*WORK TASK*:
Exactly and only the lines below from the one containing "High Angle View" down to the one containing "A wooden deck" are wanted, both included; please exclude every picture.

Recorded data
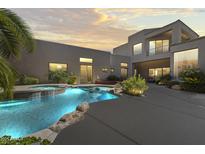 Inviting backyard pool with a hot tub and lush landscaping, ideal for relaxation and entertaining at 28729 N 107Th St, Scottsdale, AZ 85262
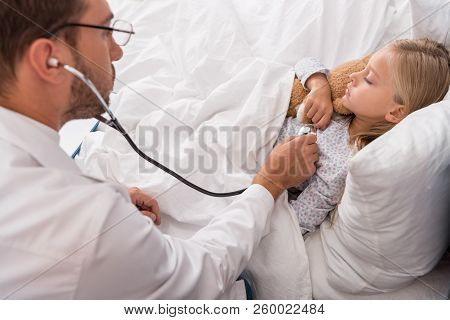 High Angle View Of Pediatrician Litening Childs Breath With Stethoscope While She Lying In Bed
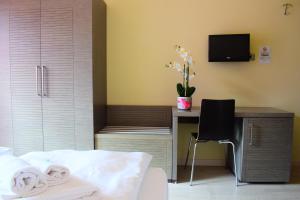 TV a/nebo společenská místnost v ubytování Hotel Kube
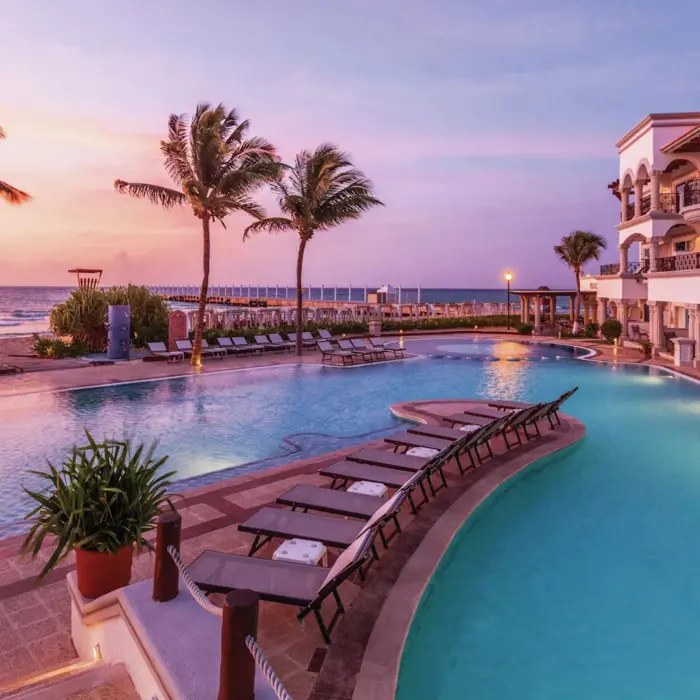 seafront pool during sunset at Hilton Playa del Carmen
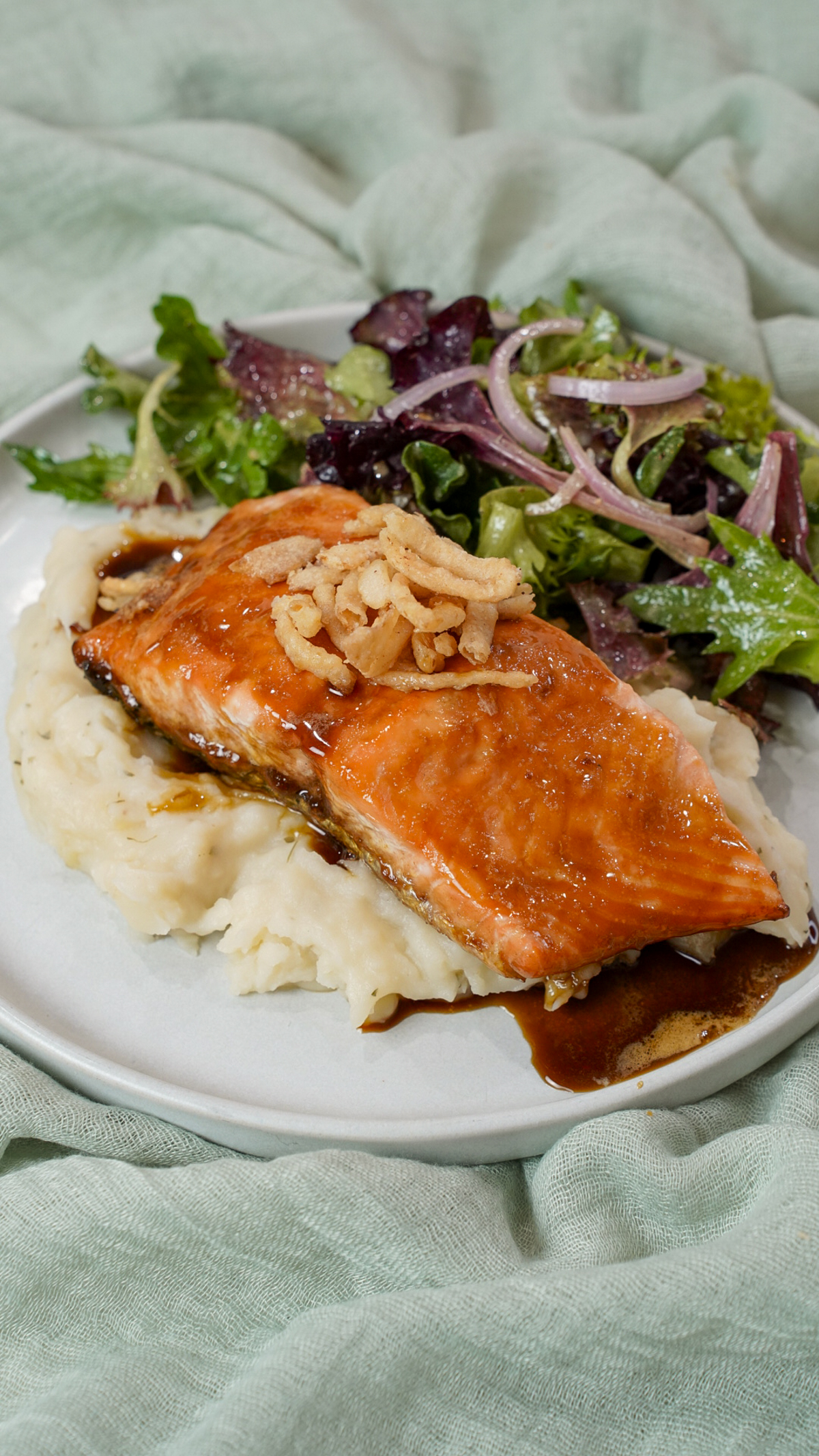 Finished Guiness glazed salmon recipe on a plate with mashed potatoes and salad.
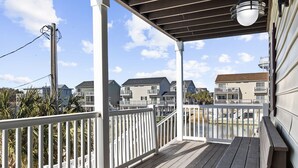 A wooden deck with white railings, overlooking a residential area with houses and a water tower. - Close To Ocean Pet Friendly 6 Bedroom / 5 Bath Private Home with Private Pool (North Myrtle Beach)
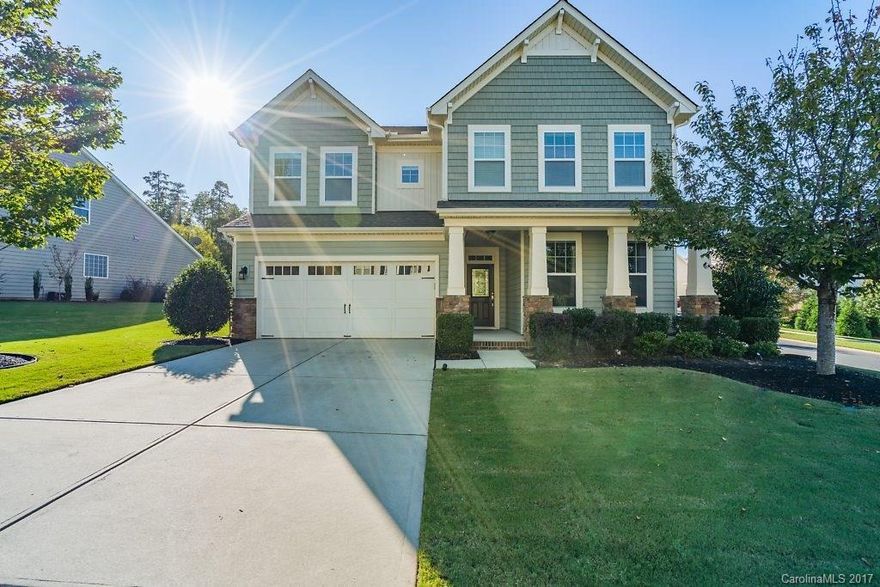 Pristine home in highly desired Fort Mill community just minutes to I-77. Nice lot with tree lined back yard, custom patio, & large covered porch. Home features wood floors on main level, granite, stainless appliances, stone accent wall in family room with TV included, ceiling fans, built-in storage hooks & cabinets. Refrigerator,washer & dryer included in sale!  Community is well maintained w/ pool, basketball court, playground, & club house.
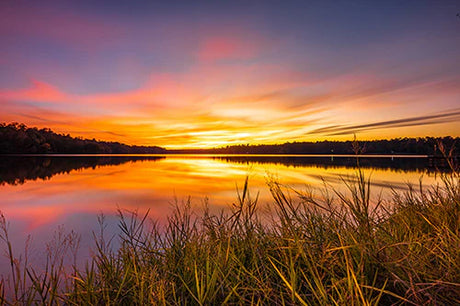 Mississippi collection wall art featuring a serene sunset over water with dusk clouds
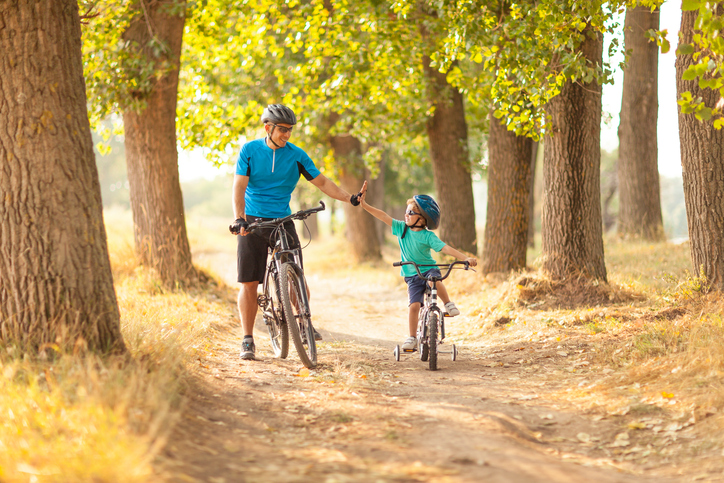 Father and son riding bicycles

*OUTPUT OF THE EXERCISE*:
 High Angle View Of Pediatrician Litening Childs Breath With Stethoscope While She Lying In Bed
 TV a/nebo společenská místnost v ubytování Hotel Kube
 seafront pool during sunset at Hilton Playa del Carmen
 Finished Guiness glazed salmon recipe on a plate with mashed potatoes and salad.
 A wooden deck with white railings, overlooking a residential area with houses and a water tower. - Close To Ocean Pet Friendly 6 Bedroom / 5 Bath Private Home with Private Pool (North Myrtle Beach)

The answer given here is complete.